-------- MATERIAL FOR THIS EXERCISE --------

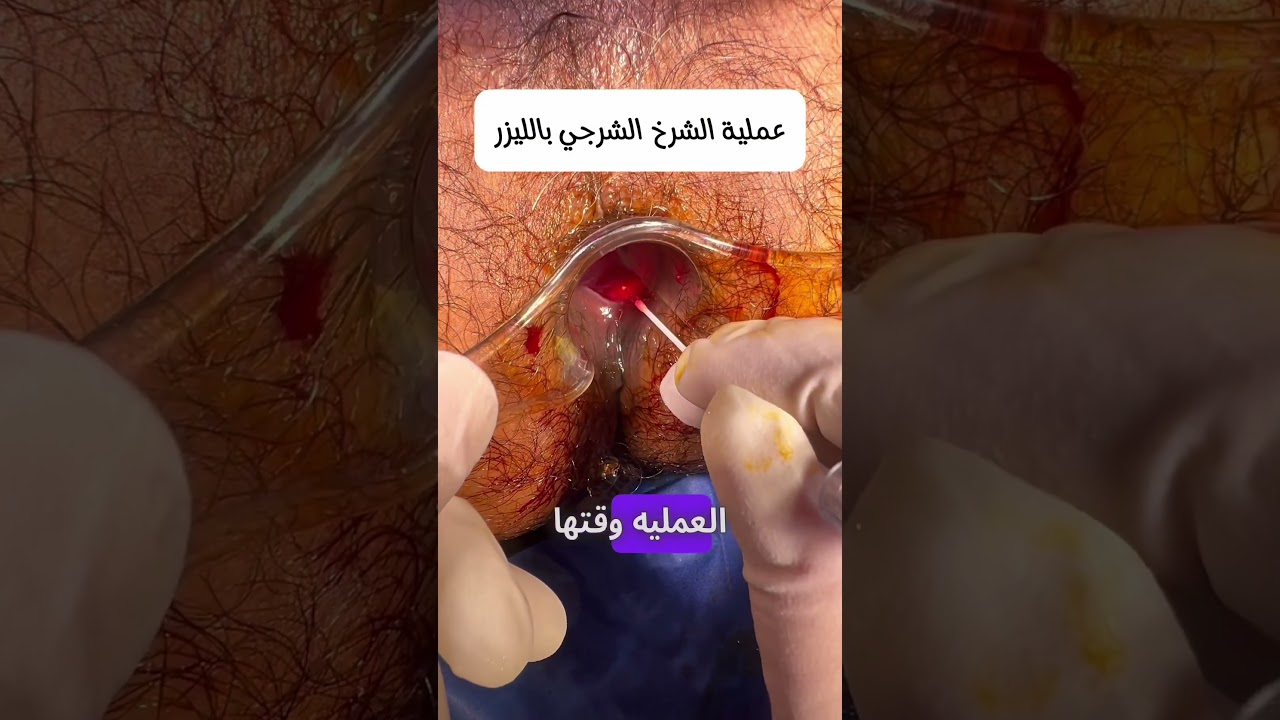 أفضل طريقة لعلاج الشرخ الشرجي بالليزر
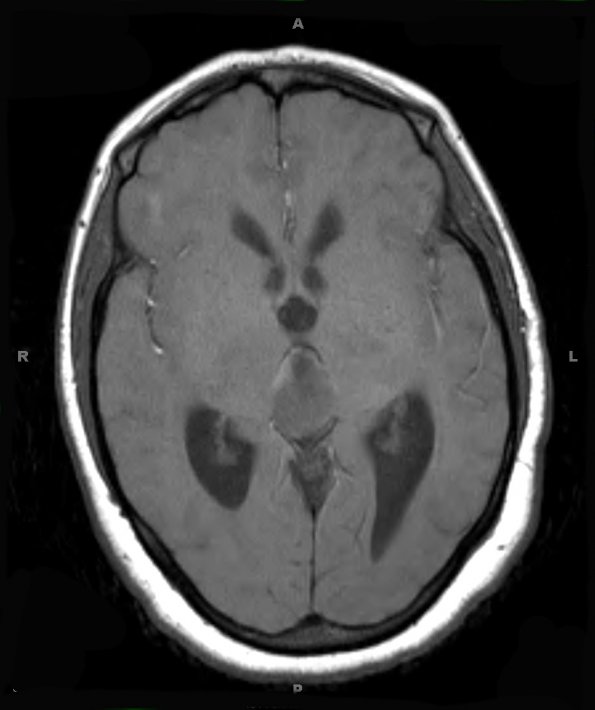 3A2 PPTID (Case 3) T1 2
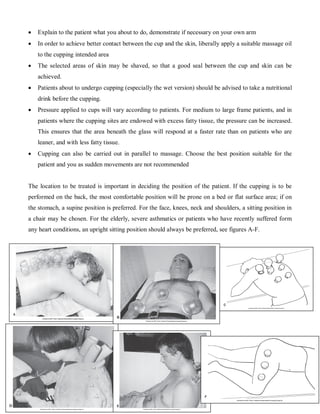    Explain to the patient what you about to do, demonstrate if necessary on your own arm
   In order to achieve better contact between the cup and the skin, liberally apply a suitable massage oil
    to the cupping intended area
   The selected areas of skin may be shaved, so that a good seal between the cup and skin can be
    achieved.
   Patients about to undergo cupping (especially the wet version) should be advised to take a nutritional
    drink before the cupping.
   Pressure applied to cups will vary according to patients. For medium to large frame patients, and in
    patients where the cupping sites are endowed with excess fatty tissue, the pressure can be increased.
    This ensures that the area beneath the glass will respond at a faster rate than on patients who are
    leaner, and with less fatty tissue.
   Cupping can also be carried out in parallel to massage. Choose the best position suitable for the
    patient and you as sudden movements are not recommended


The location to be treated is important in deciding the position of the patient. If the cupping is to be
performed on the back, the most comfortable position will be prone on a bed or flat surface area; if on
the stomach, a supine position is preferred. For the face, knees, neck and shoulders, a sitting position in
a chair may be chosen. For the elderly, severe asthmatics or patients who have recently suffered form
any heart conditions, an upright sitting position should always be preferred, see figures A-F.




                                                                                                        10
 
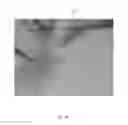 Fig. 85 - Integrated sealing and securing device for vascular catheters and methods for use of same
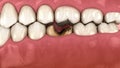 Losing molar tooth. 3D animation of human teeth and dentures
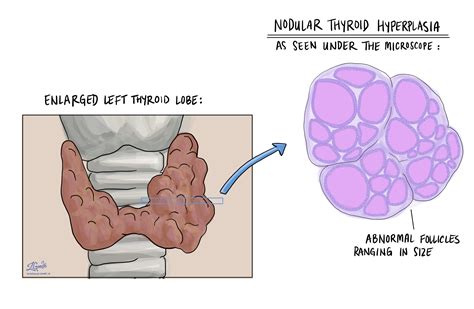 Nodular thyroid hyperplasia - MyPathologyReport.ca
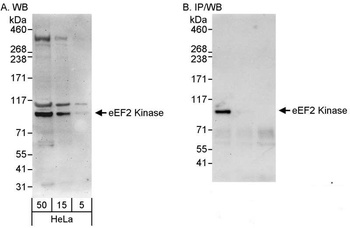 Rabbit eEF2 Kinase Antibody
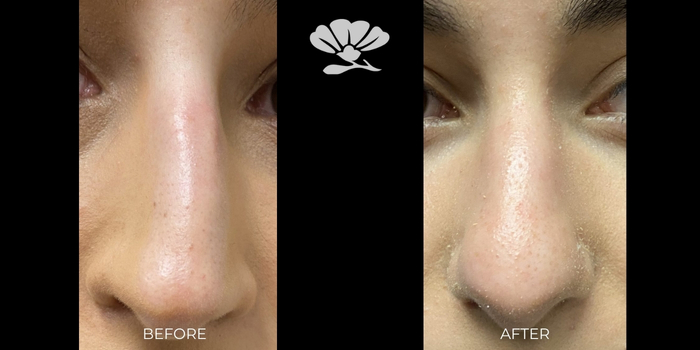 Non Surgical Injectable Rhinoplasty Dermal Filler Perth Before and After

--------
-------- MATERIAL FOR THIS EXERCISE --------

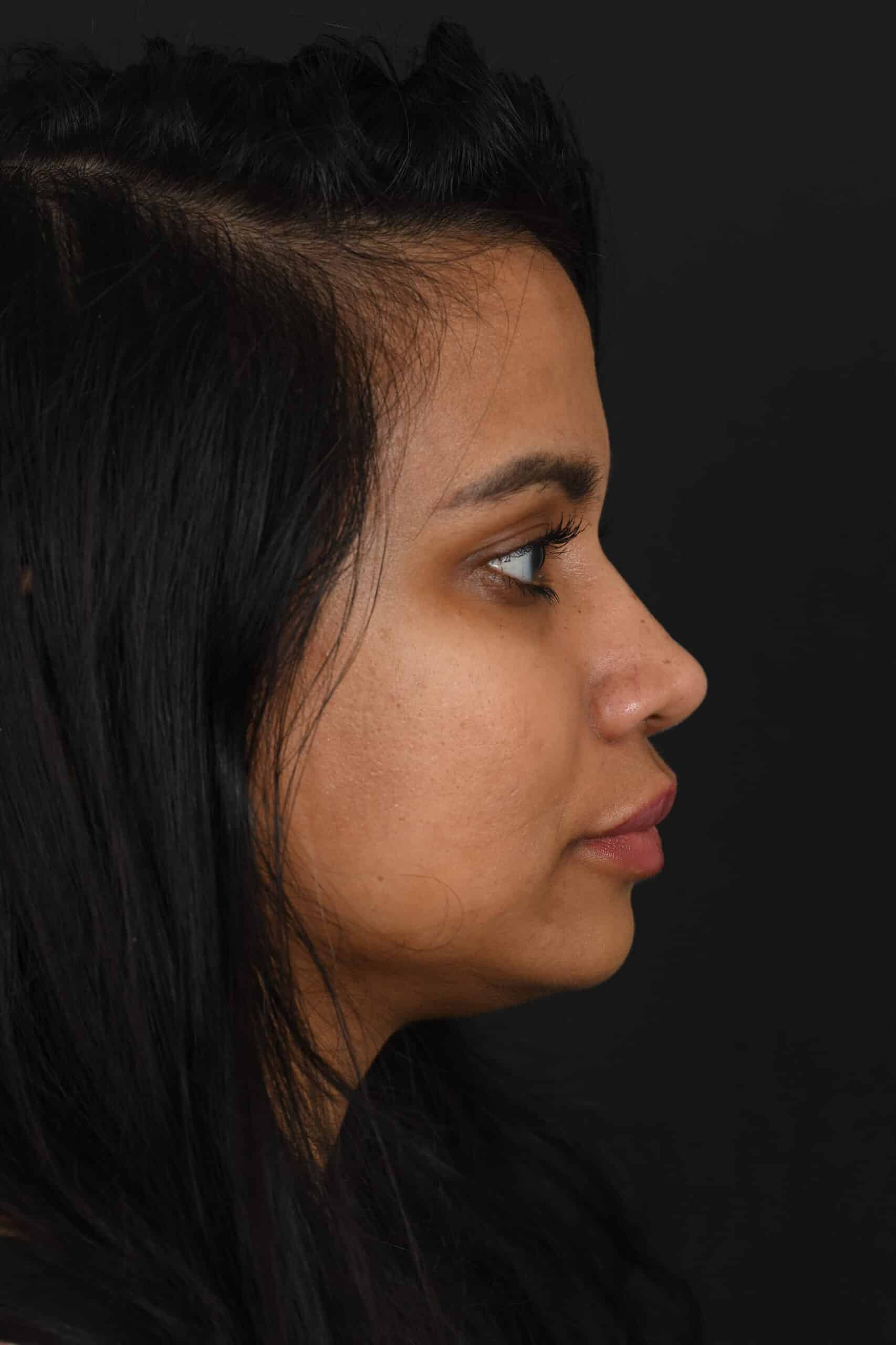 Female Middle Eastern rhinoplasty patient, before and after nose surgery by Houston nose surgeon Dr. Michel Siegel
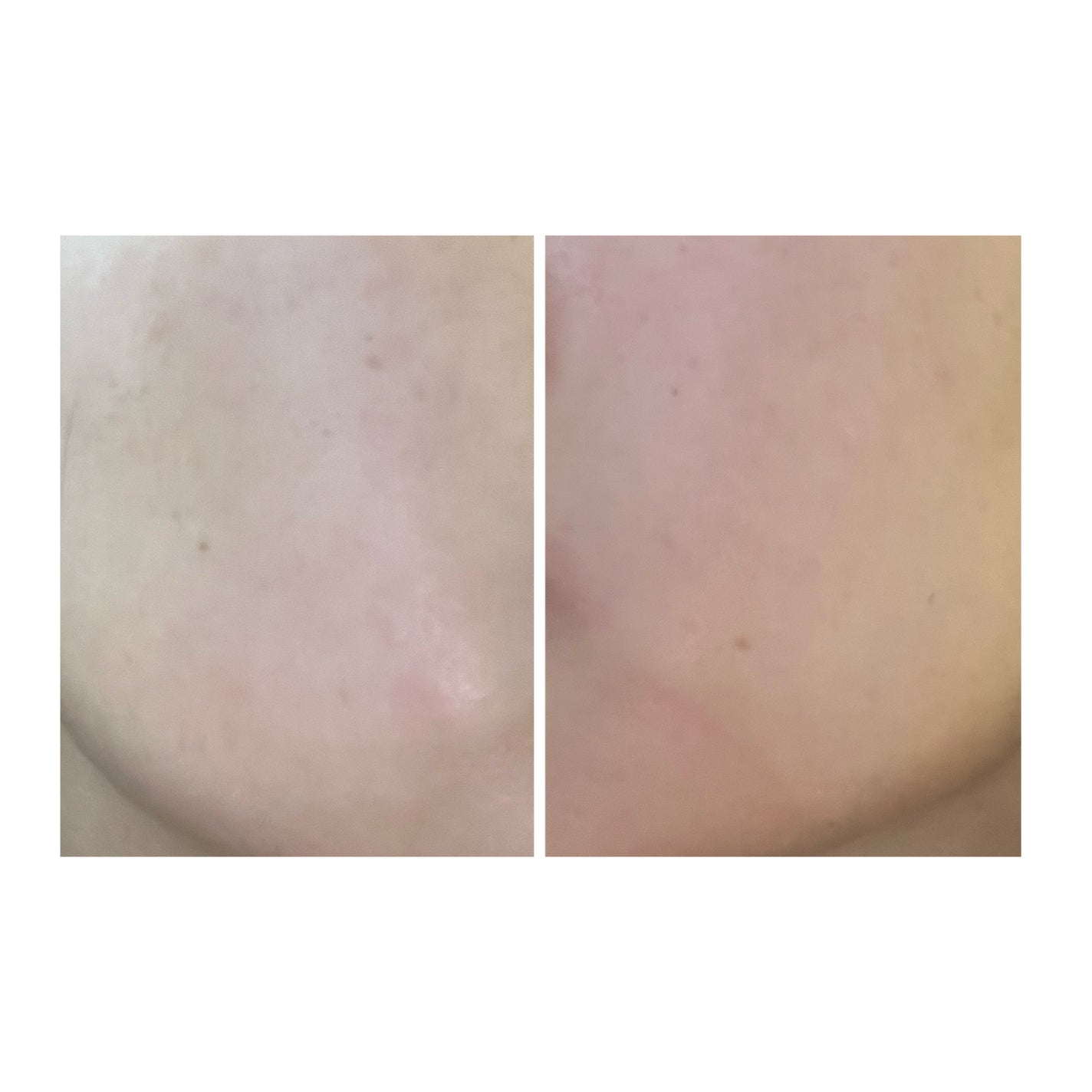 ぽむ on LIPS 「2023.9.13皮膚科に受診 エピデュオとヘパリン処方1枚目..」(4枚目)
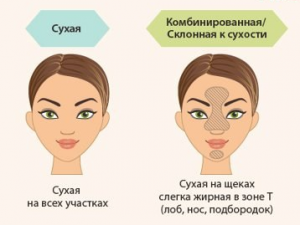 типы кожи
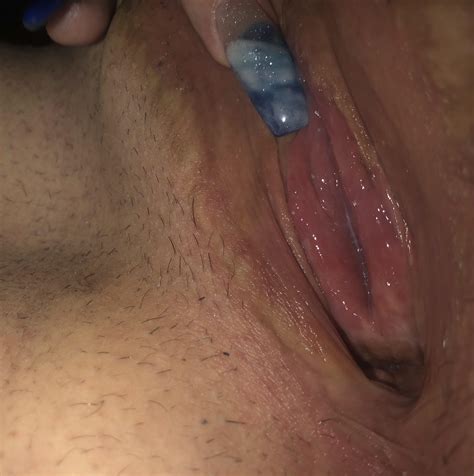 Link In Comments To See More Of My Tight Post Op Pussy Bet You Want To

--------

• **WHAT YOU HAVE TO DO**:
Locate all lines in the listing above with the word "that" and copy them.

• **THE COMPLETED TASK**:
   The selected areas of skin may be shaved, so that a good seal between the cup and skin can be
    This ensures that the area beneath the glass will respond at a faster rate than on patients who are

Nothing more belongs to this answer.